Sociedade

57 anos de Centro Cultural da Guarda

Escrito por Luís Martins

Coletividade conta atualmente com cerca de 400 alunos e elementos nos seus diferentes grupos musicais

Aos 57 anos, o Centro Cultural da Guarda quer apenas continuar «a manter viva a casa com a qualidade que nos é reconhecida», afirma Albino Bárbara, presidente da direção de uma das coletividades mais antigas da cidade.

A instituição esteve em festa no domingo para assinalar mais um aniversário e mostrou que, apesar da idade, continua a ter muitos motivos para continuar em atividade. Durante mais de uma hora passaram pelo palco do auditório do Paço da Cultura todas as valências, do ballet às diferentes classes de instrumentos lecionadas, passando pelo conjunto “5 Estrelas”, o rancho folclórico, o Conjunto Rosinha e o Orfeão. «Foi um espetáculo bonito daquilo que fazemos nesta casa», adiantou o responsável a O INTERIOR no final da sessão.
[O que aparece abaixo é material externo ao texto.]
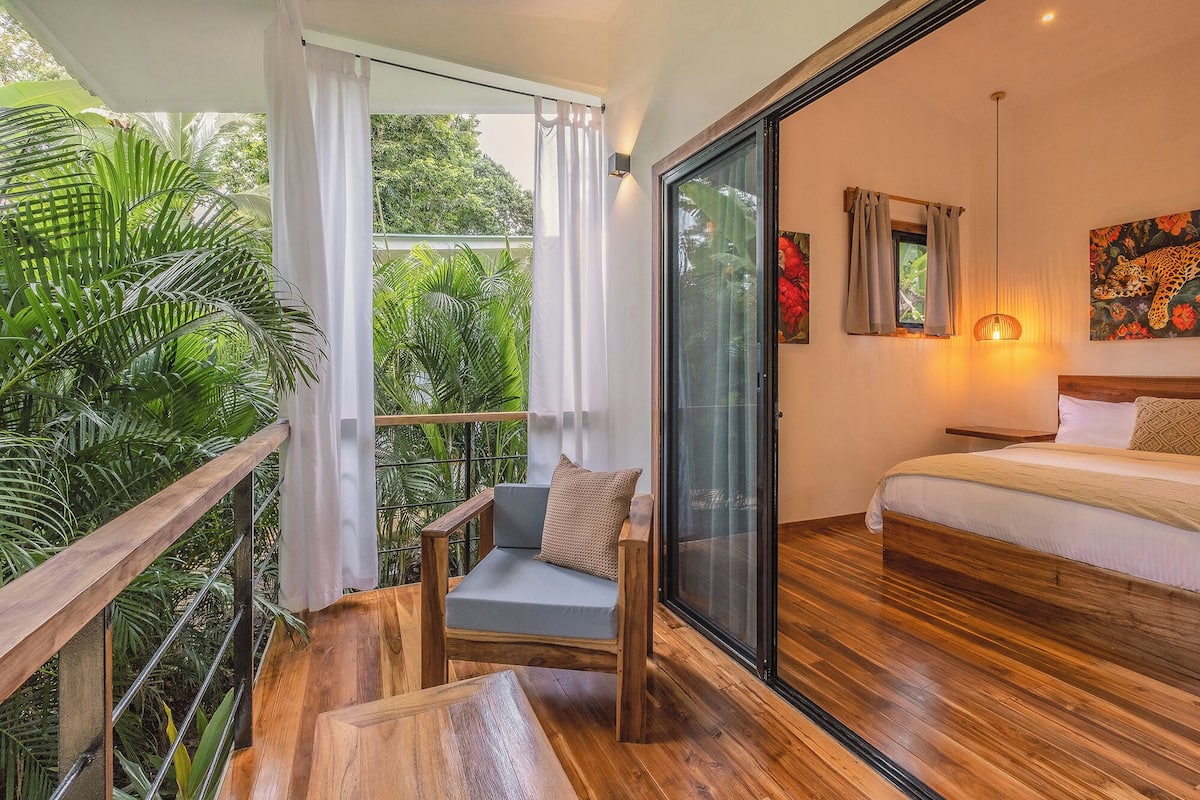 1 bedroom, free wifi, bed sheets, wheelchair access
Albino Bárbara, que se vai recandidatar a um novo mandato nas eleições previstas para dezembro, destaca também que o Centro Cultural tem cada vez mais jovens nas suas fileiras: «Não somos afetados pelo despovoamento e envelhecimento da região. Tem havido alguma renovação e atualmente temos mesmo seis pares de jovens no rancho. Há, inclusive, passagens de testemunho entre avós e netos. No fundo, somos a segunda casa para muita gente», refere o dirigente.

Albino Bárbara, que cumpre o terceiro mandato, confessa que «deve ser difícil em toda a região Centro haver uma coletividade com tanta envolvência e diversidade numa única associação». Atualmente, o Centro Cultural envolve cerca de 400 jovens e menos jovens nas classes de instrumentos e ballet, bem como nos diferentes grupos musicais que acolhe. «Deveremos ser uma das maiores associações da região Centro», vaticina o presidente da direção, que também não esquece o papel de embaixador que a coletividade assume cada vez que atua pelo país. Foi esta dinâmica que Carlos Chaves Monteiro, presidente do município elogiou na sua intervenção no Paço da Cultura, tendo desafiado o Centro Cultural a ser «parte ativa» na candidatura da Guarda a Capital Europeia da Cultura, o «grande desafio» da cidade nos próximos anos. «Ninguém está excluído desta tarefa, todos são decisivos para fazermos a diferença e afirmarmos a nossa cidade no contexto europeu», disse o autarca.

Também presente na cerimónia, naquela que foi a sua primeira deslocação à cidade natal enquanto diretor-geral das Artes, Américo Rodrigues lembrou que foi sócio do Centro Cultural e até diretor em 1984. Numa intervenção carregada de memórias, o responsável recordou o papel da instituição na dinamização cultural da cidade e o seu contributo para o nascimento do grupo de teatro Aquilo, no início da década de 80. E também para o aparecimento de músicos e atores, como José Neves e dele próprio. A jornada incluiu ainda a celebração de um protocolo de colaboração com o Instituto Politécnico da Guarda para a investigação nas áreas da cultura, do folclore e da recolhe etnográfica. O Centro Cultural da Guarda foi fundado a 17 de novembro de 1962 por Vergílio de Carvalho para promover «a educação, a arte e a cultura» na cidade e na região.